Exercise requirements:
Each entry below needs to be copied exactly, with nothing dropped.

*** Dataset excerpts Section Begins ***

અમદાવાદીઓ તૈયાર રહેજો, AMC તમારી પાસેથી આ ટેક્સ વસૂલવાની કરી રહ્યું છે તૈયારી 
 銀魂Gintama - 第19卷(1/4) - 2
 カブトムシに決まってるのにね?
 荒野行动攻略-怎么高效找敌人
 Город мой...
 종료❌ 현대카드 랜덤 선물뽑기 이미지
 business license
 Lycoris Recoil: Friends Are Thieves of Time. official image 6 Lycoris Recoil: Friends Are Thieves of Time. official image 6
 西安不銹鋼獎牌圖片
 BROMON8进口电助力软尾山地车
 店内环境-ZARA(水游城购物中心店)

*** Dataset excerpts Section Ends ***

Exercise answer:
અમદાવાદીઓ તૈયાર રહેજો, AMC તમારી પાસેથી આ ટેક્સ વસૂલવાની કરી રહ્યું છે તૈયારી 
 銀魂Gintama - 第19卷(1/4) - 2
 カブトムシに決まってるのにね?
 荒野行动攻略-怎么高效找敌人
 Город мой...
 종료❌ 현대카드 랜덤 선물뽑기 이미지
 business license
 Lycoris Recoil: Friends Are Thieves of Time. official image 6 Lycoris Recoil: Friends Are Thieves of Time. official image 6
 西安不銹鋼獎牌圖片
 BROMON8进口电助力软尾山地车
 店内环境-ZARA(水游城购物中心店)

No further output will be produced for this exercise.